I had to see it. I just can’t resist these ‘cultural phenomena’. And if I did, would I find the film offensive? Laughable? Total rubbish? Would I agree with the accusations by women’s groups that the film essentially constituted a condoning, or glamourizing, of domestic abuse in allowing its main protagonist, a female college student, to become entangled in a sado-masochistic relationship with a controlling and sexually ‘dominant’, whip-wielding billionaire? Did the film merit being boycotted? Or should I, instead of sitting in my plush cinema seat quite merrily watching Anastasia’s silken buttocks being spanked by an Adonis with a tassled tussle, have compassionately donated money to a battered women’s shelter?

 

 

These questions, and more of them, are what make a titillating sexual cause celèbre, and it seems that every era has one. Be it Last Tango In Paris, Nine And A Half Weeks, or Basic Instinct (all of which I quite like), these are the films that have interest groups marching outside the cinemas shouting degradation and exploitation, or even in the case of Fifty Shades Of Grey, actual women-on-men violence (see today’s screaming Daily Mirror headline: ” Rowdy women glass man at Valentine Day screening of sexy film” ), with drunken women vomiting in the aisles and the cinema staff cleaning up blood from the seats, (none of which will, I am sure, do any harm to ticket sales). I, also, couldn’t help being drawn into the media mayhem, and the film was, as it turned out, far more enjoyable that I was expecting it to be given all the media hoopla for and against: to me it was a solidly made mainstream entertainment that treated its themes perhaps over carefully, but also with definite sensitivity, and to my great surprise did indeed come across as a strange kind of tender, twisted love story whose conclusion, in the already in-pre-production sequels, I am now quite intrigued about.

 

 

 

 

What I can’t understand entirely is what people are objecting to. The nuts and bolts of the story, as I see them, are essentially these: a beautiful, emotionally damaged man, himself a (willing?) victim, as a fifteen year old, of a submissive-dominant relationship with a much older woman (a friend of his mother’s), a woman he is mysteriously still in contact with, has now amassed a great fortune and is a hugely successful businessman yet clearly unhappy. He has very specific ‘needs’, both sexually and emotionally, and cannot allow anyone to get too close to him (nor even to touch him without his permission); seemingly frozen in his world of immaculate grey suits, views over Seattle, and business, until a beautiful, sweet, educated, self-confident and emotionally open woman walks into his life by chance and seems to offer the promise of salvation, immediately eroding his self-erected and inviolable ‘codes’ from the very first encounter.

 

 

The casting is crucial here ( everything I am writing about here is based on the film – I have not read the book ), and I think that the inspired choice of actors by director Sam Taylor Johnson has allowed her to slyly subvert the story a little bit, as she herself has said, with her own more feminist agenda and take the story to a more nuanced and complex level than it might have been if the film had been treated more crassly and exploitatively.
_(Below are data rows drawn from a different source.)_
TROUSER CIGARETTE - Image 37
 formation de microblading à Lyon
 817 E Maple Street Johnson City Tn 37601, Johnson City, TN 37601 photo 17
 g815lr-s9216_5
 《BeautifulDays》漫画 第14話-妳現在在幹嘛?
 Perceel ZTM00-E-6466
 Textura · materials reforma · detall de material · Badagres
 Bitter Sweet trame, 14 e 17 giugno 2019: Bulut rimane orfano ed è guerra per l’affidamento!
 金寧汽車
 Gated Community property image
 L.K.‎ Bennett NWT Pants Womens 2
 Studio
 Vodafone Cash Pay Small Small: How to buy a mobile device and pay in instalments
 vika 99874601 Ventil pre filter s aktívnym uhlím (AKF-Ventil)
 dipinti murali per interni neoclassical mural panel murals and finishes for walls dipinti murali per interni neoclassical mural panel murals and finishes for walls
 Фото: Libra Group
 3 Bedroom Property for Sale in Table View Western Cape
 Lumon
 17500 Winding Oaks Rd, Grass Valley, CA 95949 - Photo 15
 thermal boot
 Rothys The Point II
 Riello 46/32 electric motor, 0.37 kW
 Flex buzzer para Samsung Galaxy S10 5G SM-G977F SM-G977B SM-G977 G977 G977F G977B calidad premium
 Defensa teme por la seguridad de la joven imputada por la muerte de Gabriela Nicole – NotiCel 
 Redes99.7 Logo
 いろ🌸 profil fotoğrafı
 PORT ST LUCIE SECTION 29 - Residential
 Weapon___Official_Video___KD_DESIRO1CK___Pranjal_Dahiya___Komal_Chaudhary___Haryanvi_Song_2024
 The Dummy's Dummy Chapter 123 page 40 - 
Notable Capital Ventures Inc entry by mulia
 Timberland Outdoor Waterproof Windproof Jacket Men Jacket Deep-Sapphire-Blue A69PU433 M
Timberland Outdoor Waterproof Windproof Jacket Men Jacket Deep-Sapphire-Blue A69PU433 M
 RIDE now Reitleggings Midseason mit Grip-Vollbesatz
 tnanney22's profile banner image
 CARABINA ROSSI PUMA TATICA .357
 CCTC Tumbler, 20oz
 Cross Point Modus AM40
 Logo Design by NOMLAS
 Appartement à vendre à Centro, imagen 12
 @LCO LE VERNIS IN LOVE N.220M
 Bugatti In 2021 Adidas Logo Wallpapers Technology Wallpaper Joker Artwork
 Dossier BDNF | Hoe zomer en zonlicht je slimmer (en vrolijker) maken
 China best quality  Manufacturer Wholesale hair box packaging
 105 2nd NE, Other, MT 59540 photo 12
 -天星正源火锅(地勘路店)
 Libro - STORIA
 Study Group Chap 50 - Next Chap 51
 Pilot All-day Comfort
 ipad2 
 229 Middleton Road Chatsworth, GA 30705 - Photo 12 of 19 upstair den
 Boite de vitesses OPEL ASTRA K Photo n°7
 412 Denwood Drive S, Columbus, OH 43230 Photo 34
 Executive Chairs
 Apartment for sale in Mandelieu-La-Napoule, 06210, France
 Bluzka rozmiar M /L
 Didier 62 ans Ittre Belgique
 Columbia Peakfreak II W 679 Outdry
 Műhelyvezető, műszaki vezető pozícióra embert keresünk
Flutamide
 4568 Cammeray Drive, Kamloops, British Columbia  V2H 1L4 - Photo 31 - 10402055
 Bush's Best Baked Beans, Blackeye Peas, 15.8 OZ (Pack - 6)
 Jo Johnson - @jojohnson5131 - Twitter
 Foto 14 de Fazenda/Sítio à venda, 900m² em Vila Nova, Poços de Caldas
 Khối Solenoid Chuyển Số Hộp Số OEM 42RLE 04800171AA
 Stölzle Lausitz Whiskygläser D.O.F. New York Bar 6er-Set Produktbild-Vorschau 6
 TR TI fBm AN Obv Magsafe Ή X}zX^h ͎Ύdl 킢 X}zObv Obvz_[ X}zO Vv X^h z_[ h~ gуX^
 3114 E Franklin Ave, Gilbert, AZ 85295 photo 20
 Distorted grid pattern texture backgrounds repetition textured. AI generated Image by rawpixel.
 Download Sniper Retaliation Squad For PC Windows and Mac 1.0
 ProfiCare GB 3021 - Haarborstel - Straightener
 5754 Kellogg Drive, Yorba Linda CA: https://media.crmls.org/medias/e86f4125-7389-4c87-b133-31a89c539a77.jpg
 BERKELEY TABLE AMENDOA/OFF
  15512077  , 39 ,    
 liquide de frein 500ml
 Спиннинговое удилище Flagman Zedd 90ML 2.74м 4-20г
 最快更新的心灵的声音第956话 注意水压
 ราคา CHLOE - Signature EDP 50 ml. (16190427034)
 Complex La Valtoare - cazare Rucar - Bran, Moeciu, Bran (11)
I am not saying that this is a great film by any means: the dialogue is poorly conceived; the whole comes across as one dimensional, the music is obvious and ticked by the box, but it still all kind of works in a contemporary kind of way. There is a consistency of tone and sensation in the typically brooding Seattle setting, and I left with a definite and empathetic sensation in my chest of the woman’s bruised, but brutally awakened, sensuality (even love).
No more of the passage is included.